In Delhi Dayalbagh Cooperative Society, the High Court evoked the idea of ​​fraternity or bandhuta and expressed concern about discrimination in housing. In addition, he also discussed how the maintenance of discriminatory administrative regulations would affect the rights of legal heirs, who may or may not affiliate with religious beliefs or the identity of their parents, and would thus be deprived of their inheritance rights. under traditional law of succession.

These concerns are, however, not taken into account by the Supreme Court, which only dealt with the specific legal question at issue, on the basis of the factual matrix of the case.

Read also : The ARHC program does not solve rental housing problems

The need to emulate anti-discrimination laws in India

Therefore, India still needs a judicial precedent which declares that restrictive covenants based on caste, religion, etc., in the transfer of property must be cancel ab initio. The Supreme Court ruling in Indian Medical Association v Indian Union (2011) can be seen as a guide in this regard. The Court held that private schools, as service providers, fall within the scope of “shops” and are therefore subject to Article 15 (2). This interpretation of Article 15 (2) could therefore be one of the means by which the judiciary could fight against private discrimination in housing.

The case of Shelley vs. Kraemer (1948), decided by the Supreme Court of the United States is also relevant in this regard, as it held that seeking the judicial application of discriminatory covenants would amount to state action and thus violate the constitutional right to equal protection.

The most effective remedy to tackle the problem of discrimination in housing would be to have anti-discrimination legislation that balances social equality and personal choice in the alienation of property.

Anti-discrimination laws in countries such as the UK, Canada, South Africa, and the US, among others, could serve as models for the same. For example, the UK has the Equality Act, 2010, who has was an essential piece of legislation in the fight against discrimination in housing.
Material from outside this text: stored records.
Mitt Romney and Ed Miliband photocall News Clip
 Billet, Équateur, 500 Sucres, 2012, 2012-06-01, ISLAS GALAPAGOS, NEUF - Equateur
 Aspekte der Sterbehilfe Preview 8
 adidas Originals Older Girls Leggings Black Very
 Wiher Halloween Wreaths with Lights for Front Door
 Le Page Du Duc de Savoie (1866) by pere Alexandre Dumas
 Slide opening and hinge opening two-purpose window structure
In New Zealand, covenants prohibiting particular ethnic groups or races from buying property would be inconsistent with the law. Human Rights Act 1993, and can be canceled.

Read also : How States can lead the fight against discrimination

The Bill against discrimination and equality, introduced by Indian MP Shashi Tharoor in Lok Sabha in 2017, was a major private member’s bill, which lapsed as the previous Lok Sabha did not show sufficient interest in it. The Center for Law and Policy Research has since produced a Equality Bill in 2021 to facilitate the pursuit of public discourse on the subject.

Unfortunately, such academic initiatives are unlikely to succeed unless the Executive and the Judiciary also show the same concern for achieving their goals.

(Nitika More is a 2nd year LL.B. student at OP Jindal Global University. The opinions expressed are personal.)